RECORDS FOR THE TASK —
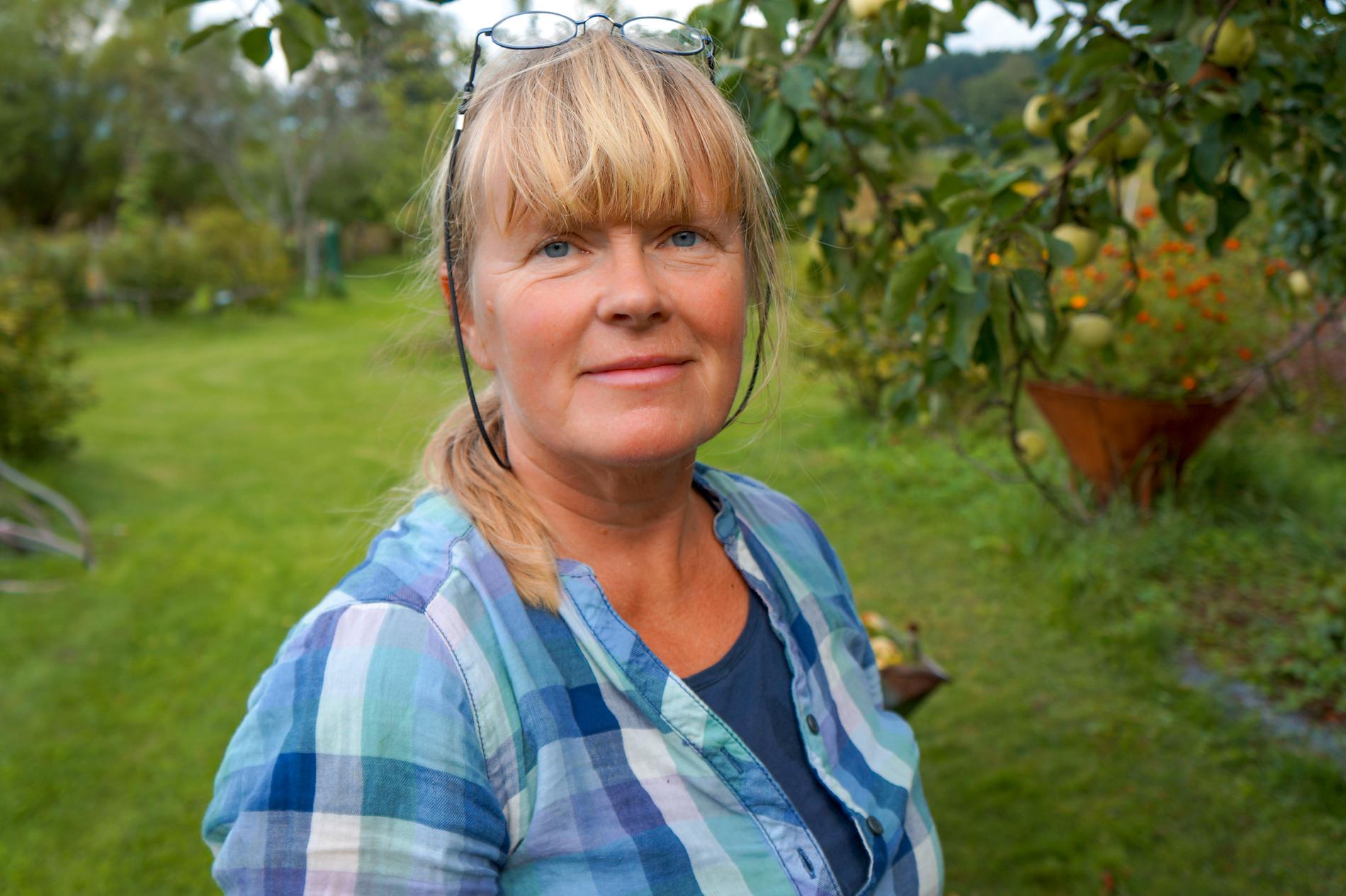Trädgårdsrådgivare Lise-Lotte Björkman vet hur man skyddar växter mot vårfrost.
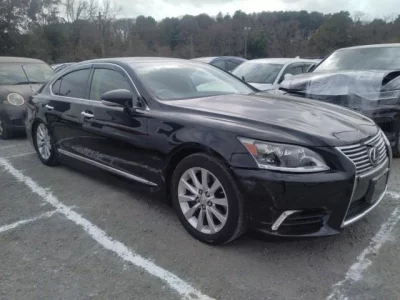 Lexus LS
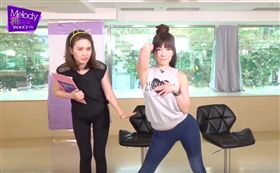 20161125挑戰性感！Melody化身時尚媽咪　圖／YahooTV提供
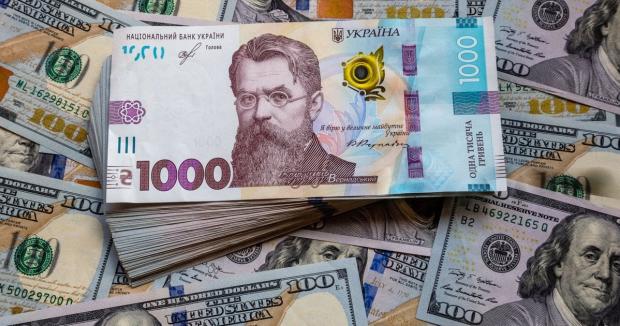 Телефон вже конфіскували: Чоловік заплатить 51 000 гривень штрафу за спробу... стати пенсіонером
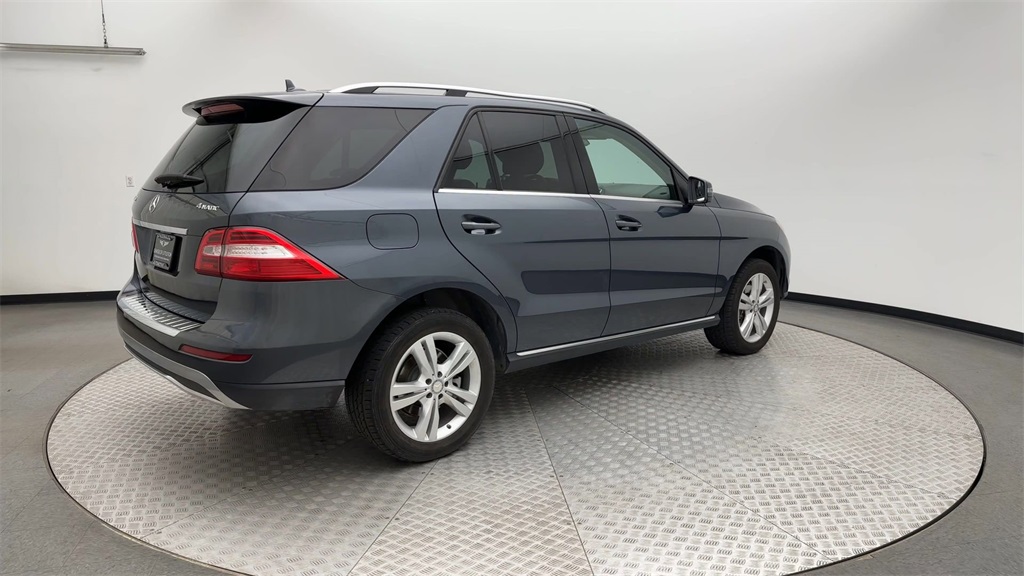 2013 Mercedes Benz ML 350 4MATIC photo 2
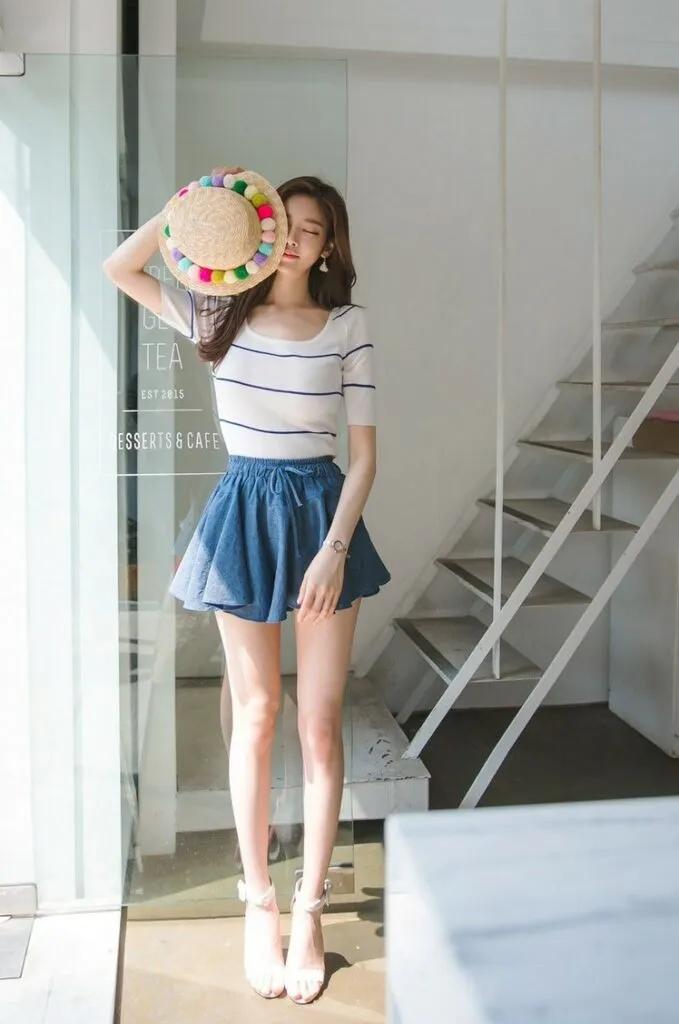 韩国模特朴正旭图片,朴正允真丝抹胸裙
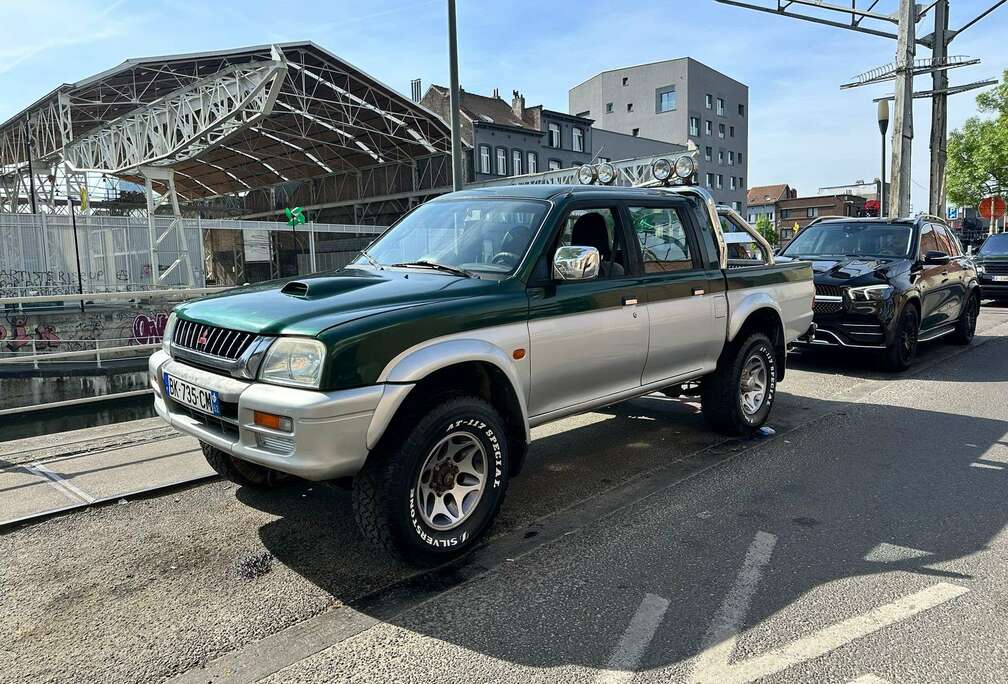 Mitsubishi 2.5 Turbo int. GLS 4WD Exe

TASK TO CARRY OUT — Set down the material exactly as given, but print none of the pictures.

RESPONSE BELOW —
Trädgårdsrådgivare Lise-Lotte Björkman vet hur man skyddar växter mot vårfrost.
 Lexus LS
 20161125挑戰性感！Melody化身時尚媽咪　圖／YahooTV提供
 Телефон вже конфіскували: Чоловік заплатить 51 000 гривень штрафу за спробу... стати пенсіонером
 2013 Mercedes Benz ML 350 4MATIC photo 2
 韩国模特朴正旭图片,朴正允真丝抹胸裙
 Mitsubishi 2.5 Turbo int. GLS 4WD Exe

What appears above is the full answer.